_Task statement:_
Every line of the records below from the line with "tamagawa-TS2640N683E87-brushless-pancake-resolver-(used)-2" up to and including the line with "2019 CHEVROLET SILVERADO C1500 CUSTOM 8" must be reproduced exactly, and no line outside that range.

_Source information:_
========================================================================
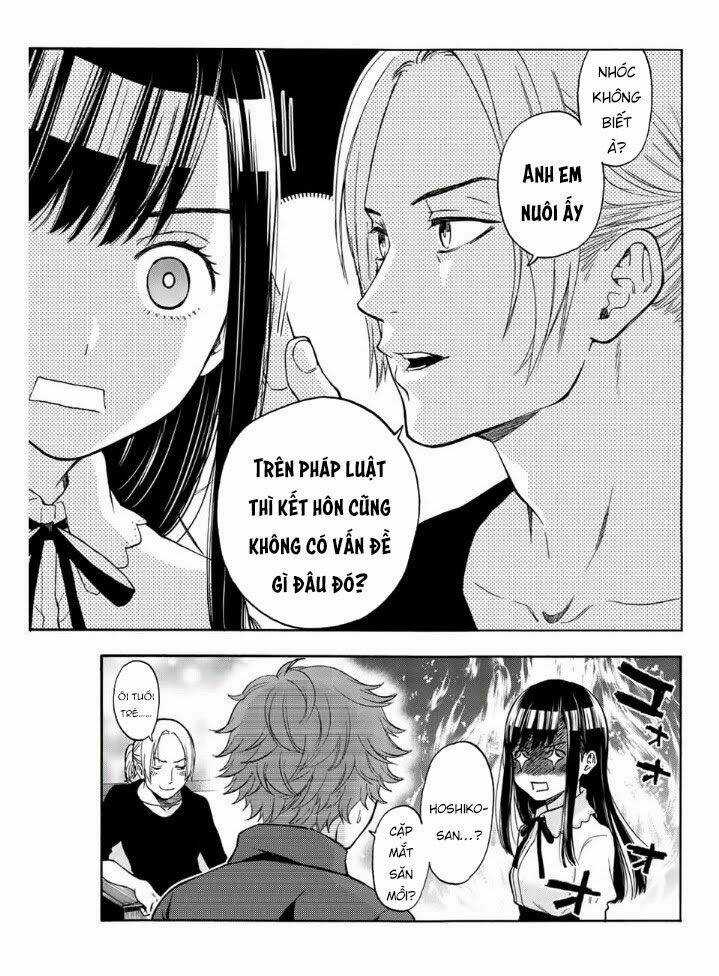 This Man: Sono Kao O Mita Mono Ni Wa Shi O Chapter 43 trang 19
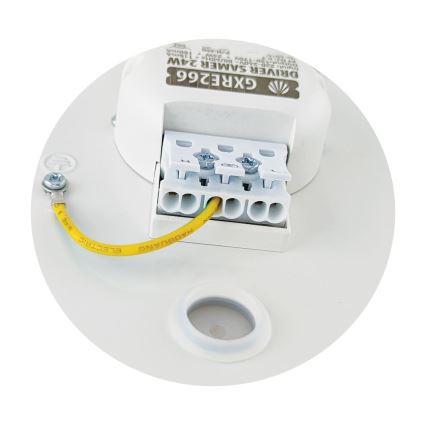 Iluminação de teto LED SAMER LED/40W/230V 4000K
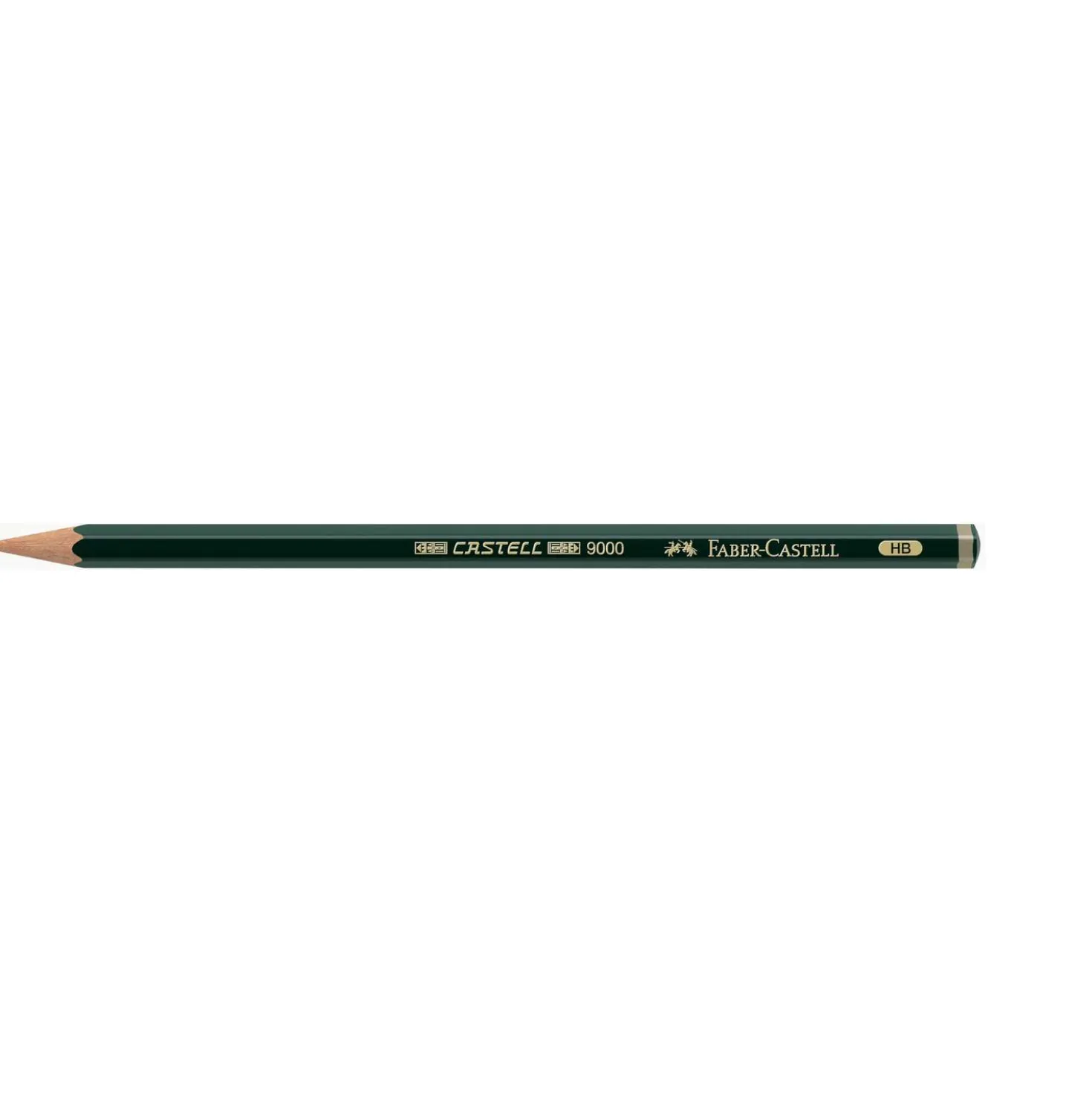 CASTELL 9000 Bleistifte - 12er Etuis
========================================================================
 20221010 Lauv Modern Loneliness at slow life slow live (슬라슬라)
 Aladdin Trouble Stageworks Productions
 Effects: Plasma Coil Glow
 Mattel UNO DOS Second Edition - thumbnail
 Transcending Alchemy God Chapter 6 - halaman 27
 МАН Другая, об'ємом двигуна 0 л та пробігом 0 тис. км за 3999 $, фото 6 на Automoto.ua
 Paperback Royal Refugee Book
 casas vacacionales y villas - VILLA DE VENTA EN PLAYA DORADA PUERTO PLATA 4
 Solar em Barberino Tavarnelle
========================================================================
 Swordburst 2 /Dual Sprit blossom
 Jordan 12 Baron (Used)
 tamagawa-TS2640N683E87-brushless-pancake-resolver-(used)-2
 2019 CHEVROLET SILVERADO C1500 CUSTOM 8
========================================================================
_Solution to this exercise:_
 tamagawa-TS2640N683E87-brushless-pancake-resolver-(used)-2
 2019 CHEVROLET SILVERADO C1500 CUSTOM 8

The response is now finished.